During the war, most militaries discovered their ability to fight in the cold was limited. Canada was ahead of the game, developing the world’s first and only armoured snowmobile, which had been tested in the winter on the Italian Front during the war to great success. But they had no idea if a conventional force—tanks, ground troops and trucks—could fight on wind-swept, -50 C tundra as effectively as they did across Europe the previous years.
In the latter stages of WWII, Canada’s army looked at the North and realized two things: as the raven flies, it’s the quickest way to get to the USSR; and, more importantly, they had absolutely no idea how to operate there.
Operation Muskox—and the harsh Arctic elements—would teach them.
"These Eskimo zoot-suits have their drawbacks, too. The hair breaks off, gets into the gasoline and plugs up the carburetors. It also turns up in the food. The glamorous and fearsome red goggles issued to combat snow glare have been discarded by all as causing too many headaches."
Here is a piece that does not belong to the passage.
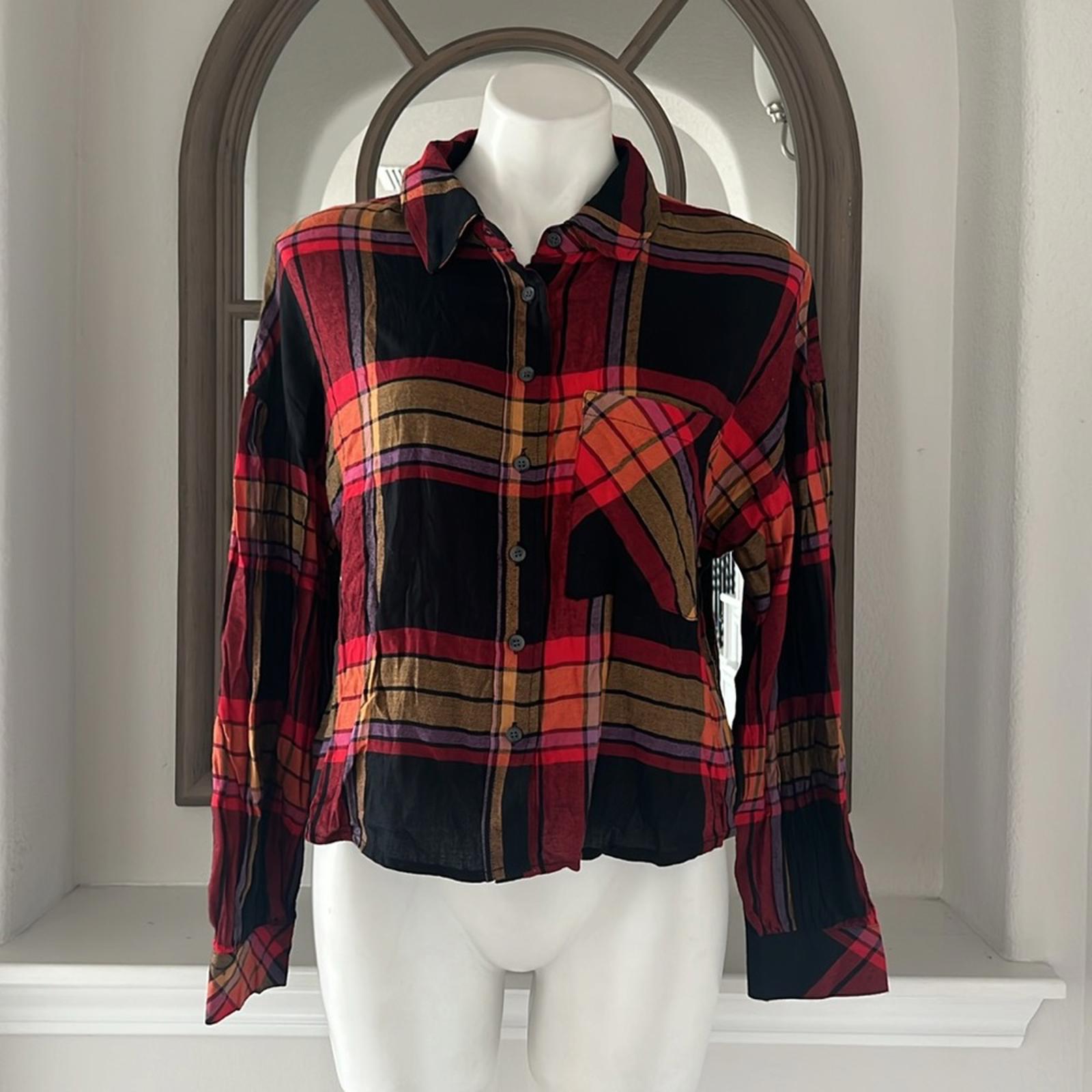 Anthropologie’s Sanctuary The Cabin Plaid Button-Down Shirt, Size M New w/Tag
The military had conducted limited exercises during the war in northern Manitoba and Saskatchewan, but they had never ventured this far north. And those exercises were conducted mostly in secret. This one would be covered extensively in the international press. Newspaper editors in Canada wrung their hands over the possible message it was sending the Soviets.
“Those of us who were at Churchill at the time it was beginning will remember that for every two members of the moving force, there was at least one newspaper man, newsreel man, radio man or photographer, or something of the sort living with us, eating with us, travelling with us, very freely, and if there was much secrecy left about the exercise it was their fault, not ours,” said Colonel J.T. Wilson, planner of the exercise, during a speech in Ottawa
as the operation was winding down in April 1946.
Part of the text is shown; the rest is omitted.